A few of my younger friends have blogs and easily understand and appreciate the need for communication in this fragmented world. I was very excited when Yoko told me she, after reading my blog, has started one of her own. But I cannot read it. It’s in Japanese and although she tried to translate it for me, it is too difficult for her. If you and/or your computer can read Japanese, go see. Do anyway: she has some beautiful photos up. (And I found it exciting to see pages of Japanese script on my screen!)

Yoko tells me that it makes sense to keep an on-line journal. In Japan, when someone retires, the person starts a memoir of his or her life. With a blog or journal, it is an ongoing record of your life as it happens, as it feels, as you react to it. And it is an invitation you send out to an unknown, an invitation to connect to and know a bigger world.
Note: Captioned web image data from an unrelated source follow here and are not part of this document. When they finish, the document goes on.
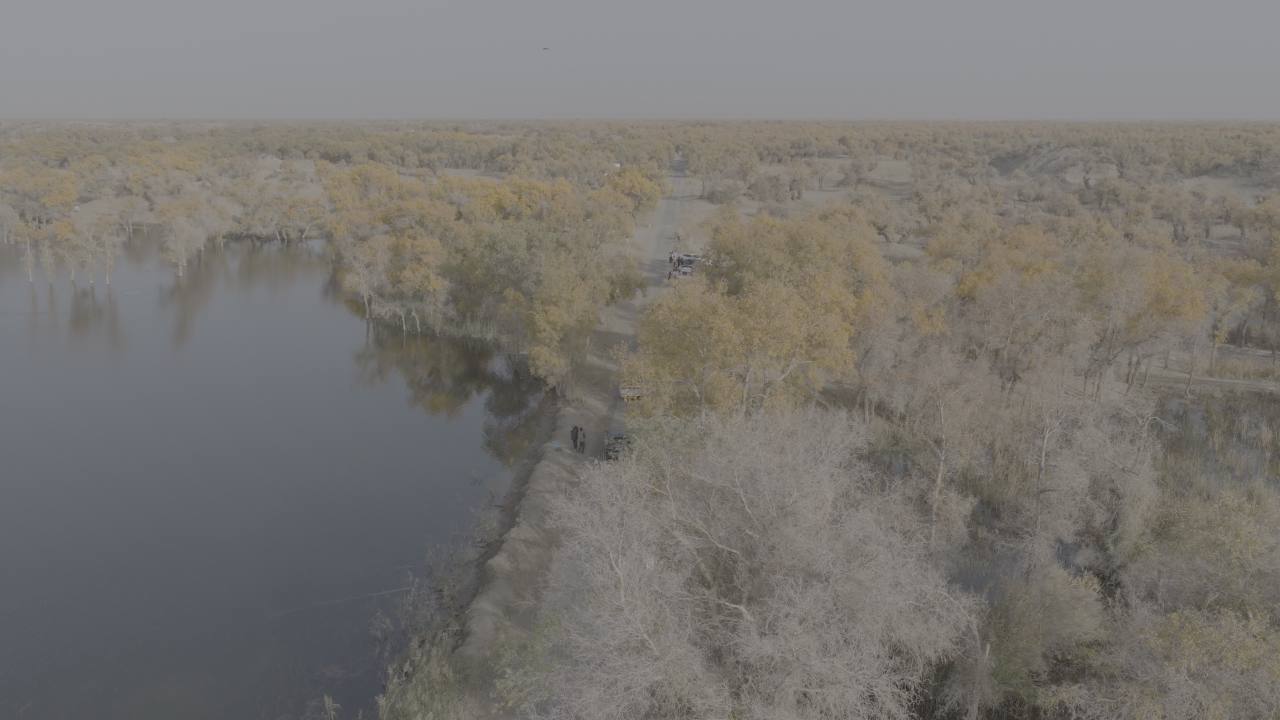 航拍河流与树林的宁静景象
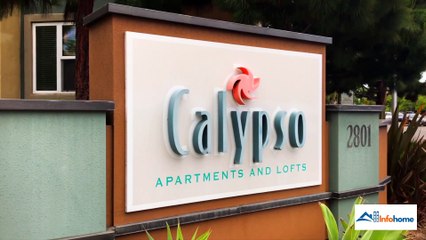 Calypso Apartments And Lofts: Contact, Pricing, Location, Apartment Features & More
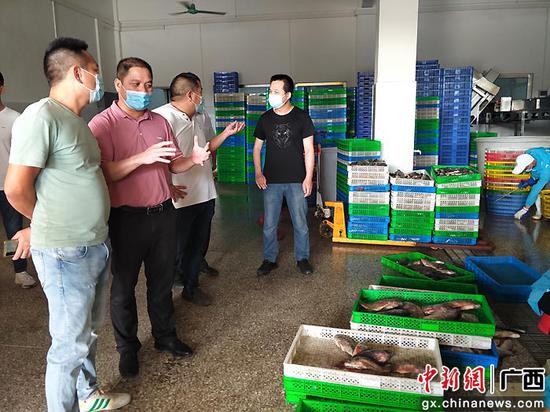 金秀县农业农村局一行到广东忠成农业发展有限公司考察罗非鱼加工产业。邹玉芳  摄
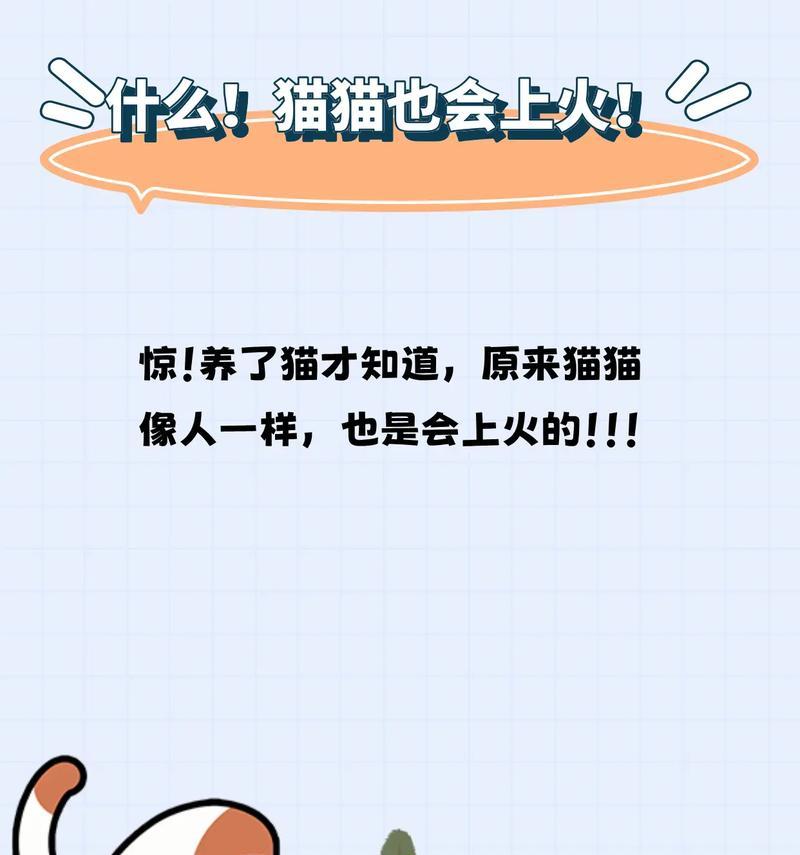 猫的耐热能力与适应炎热天气的方法（了解猫的热感知及应对措施，让你的爱宠度过炎夏）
I’ve read a few articles recently on the blog coming of age. How it is maturing into a respectable form of journal-ism, evolving from journals. The last article I read was more about political writing and discussions. The blogs I tend to read expand my view of more personal worlds. Living here somewhere on the edge of nowhere, it is rewarding to peek into the more intimate corners of other people’s lives, people who live in the center of their worlds, what they see and feel as they look out from that spot. Toni’s very thoughtful essay on internet journal writing spoke directly to why I write and read blogs, the ongoing record, a new form of communication, or as she puts it so precisely, a short film, intimate communication on a global scale.